The effect on the first picture (with low precision) is called "frequency leakage". It basically means that, given a finite sample of discrete audio samples, it is "impossible" to detect a frequency exactly using Fast Fourier Transform (unless the frequency coinsides exactly with a frequency that FFT can detect exactly). However, Wiggles Like app comes with a novel high-precision frequency detection algorithm that enables it to overcome the limitations of Fast Fourier Transform.
Linear visualisation is best viewed with high-precision: off, because the frequency peaks can more easily be identified by our eye when they are wider.

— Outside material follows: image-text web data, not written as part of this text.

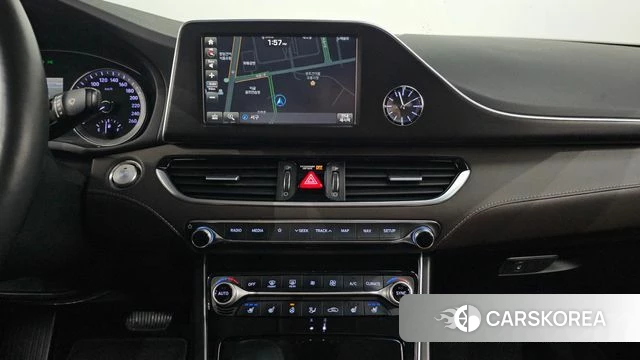 Hyundai Grandeur IG 2019 Серебристо-серый из Кореи, фото 4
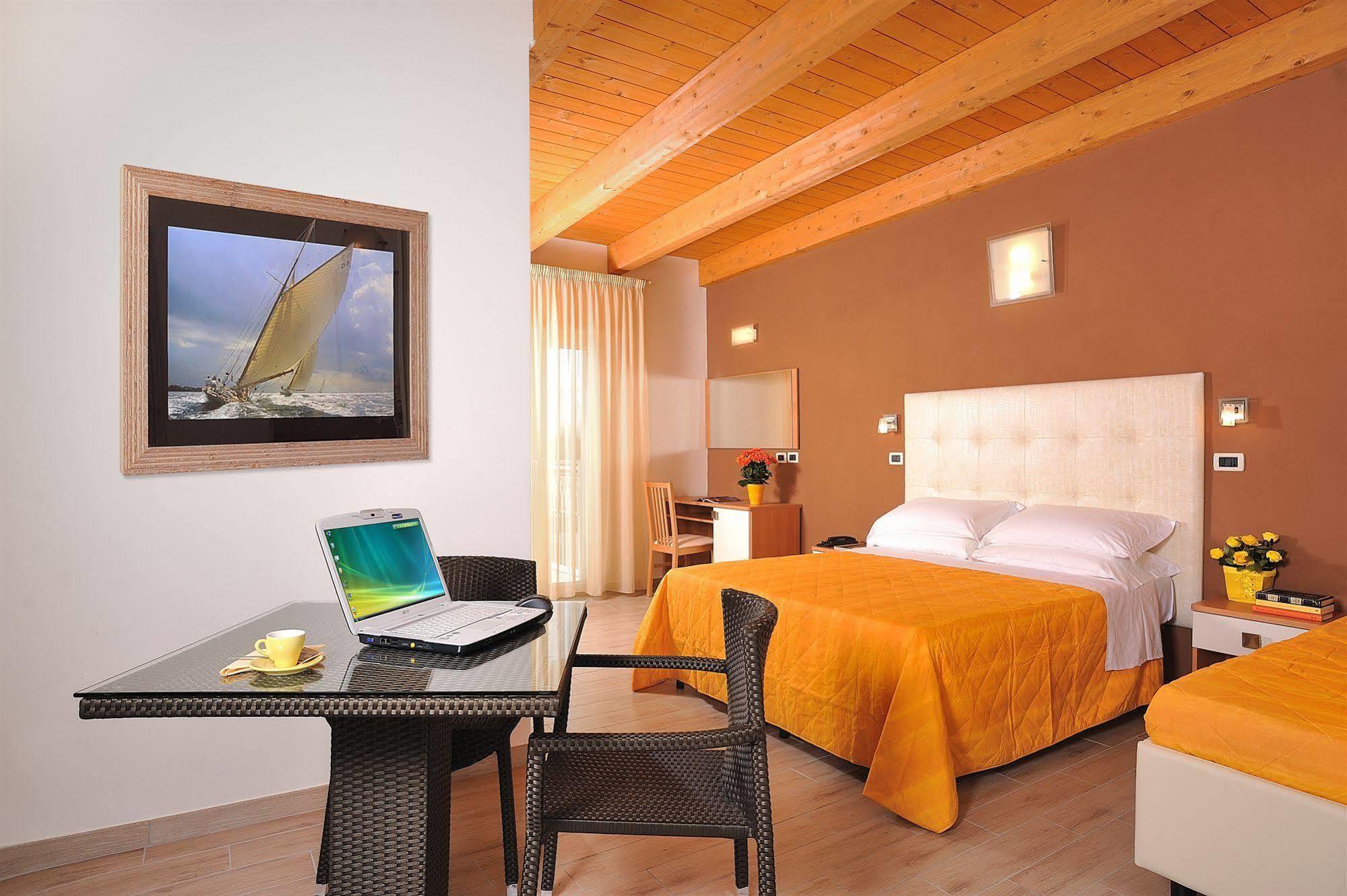 Hotel Favorita Cesenatico Buitenkant foto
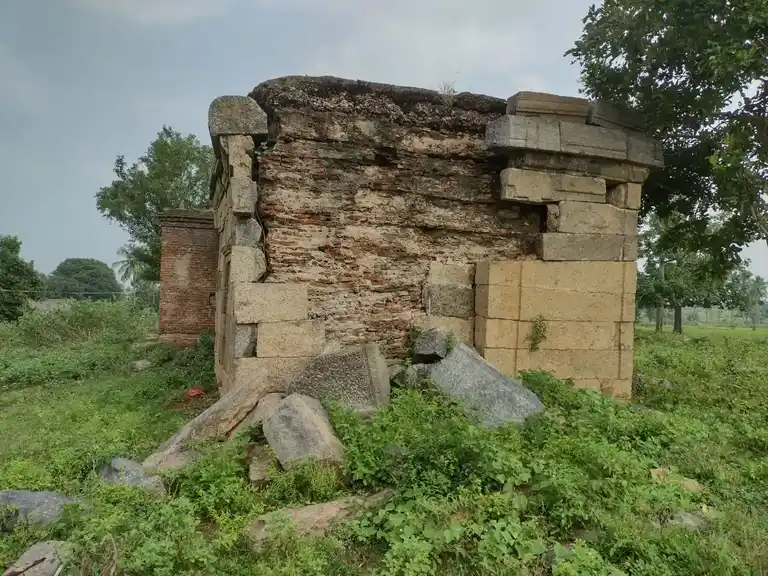 Arulmigu Theerthagiriswarar Temple, Vedakattamaduvu - 636906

Zoom is necessary to control the size of the visualisation elements, to adjust for the volume of the input sound (we don't call it "volume" or "scale" as not to confuse with the actual volume of sound or with musical scales).
Click the "Zoom" button on the main toolbar to view zoom options:
By default, Auto-Zoom is turned on, which means that the zoom will adjust depending on the volume of the input sound. However, you can turn Auto-Zoom off, and then set the desired zoom manually.
Equalizer option is necessary to adjust for human perception of the volume of different frequencies. By default it de-emphacises low frequencies, because our ear is less sensitive to them. We roughly used ISO-226 standard for the curve in the lower frequencies, however the frequencies above 800 Hz have a flat curve, as opposed to ISO-226.
You can disable the equalizer by choosing the second "flat" option. This will result in you seeing the sizes of elements proportional to actual amplitudes of frequencies. This might be useful to mastering sound, but you won't be able to see much detail in the higher frequencies.